The results, though, generally bore out the prognostications of those British officials who had successfully diverted Ernest Bevin from pursuing a similar will-o’-the-wisp in 1944. The land reform program was an expensive failure. “Even at the end of 1946, three-quarters of the Neubauern (new farmers) had to work without horses … and only one third of the land reform farmers owned a cow. Only one farmstead in four was equipped with a plough, one in five with iron harrows and only one in fourteen with reapers and threshing machines.” Those who received livestock and equipment, moreover, tended to be members of the indigenous population, who profited from their superior connections in the rural communities to those overseeing the redistribution, while “resettlers” were largely overlooked. Lastly, exorbitant and unrealistic state requisitions and quotas, which forced the new farmers to turn over even their seed grain and sowing potatoes to the government, made it impossible for many to generate the minimum required for bare survival. As a result, living standards for the Neubauern were, as state inspectors reported in 1950, “almost unimaginably low,” while the cost of the program, which by 1953 had reached the alarming figure of 900 million marks, was described by Heinrich Rau, the Minister of Planning, as “a bottomless pit.” Rather than acknowledge the failure of the experiment and, as West Germany progressively did, recall the expellees from their initial billets in the countryside to the cities and towns as jobs and houses became available for them, the Soviet military authorities doubled down on their losing investment and announced a large-scale rural housing program in 1947. With practically the entire housing budget of the east going into building farmsteads that the resettlers were rapidly abandoning, reconstruction of war-damaged cities was virtually halted. As one Neubauer recorded, “The despair and anger among the settlers know no bounds…. Whole groups of settlers leave the settlements at night and have fled to the West …” Not until 1950 was this costly scheme discontinued, with very little to show for it.

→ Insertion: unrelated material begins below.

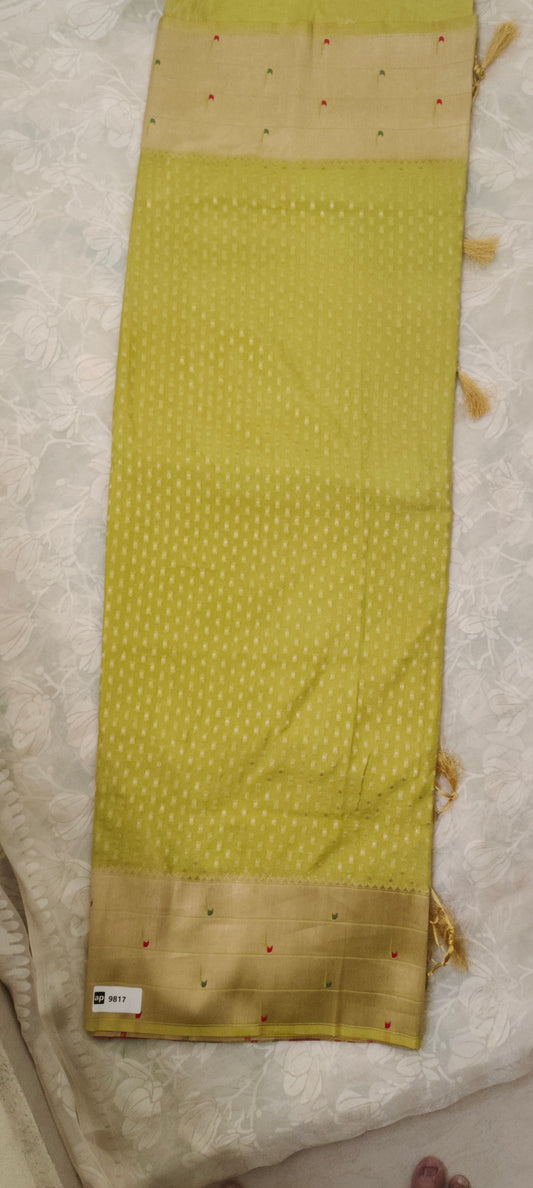 Green color soft silk saree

By then, however, the authorities were ready to declare victory and move on. The Central Agency for Resettlers was dissolved in July 1948 and responsibility for its functions transferred to a small and low-profile section of the Ministry of the Interior. From that point on, even the term “resettler” (Umsiedler) became almost as taboo as “expellee” had become: all were to be equal citizens of the new German Democratic Republic, without distinction.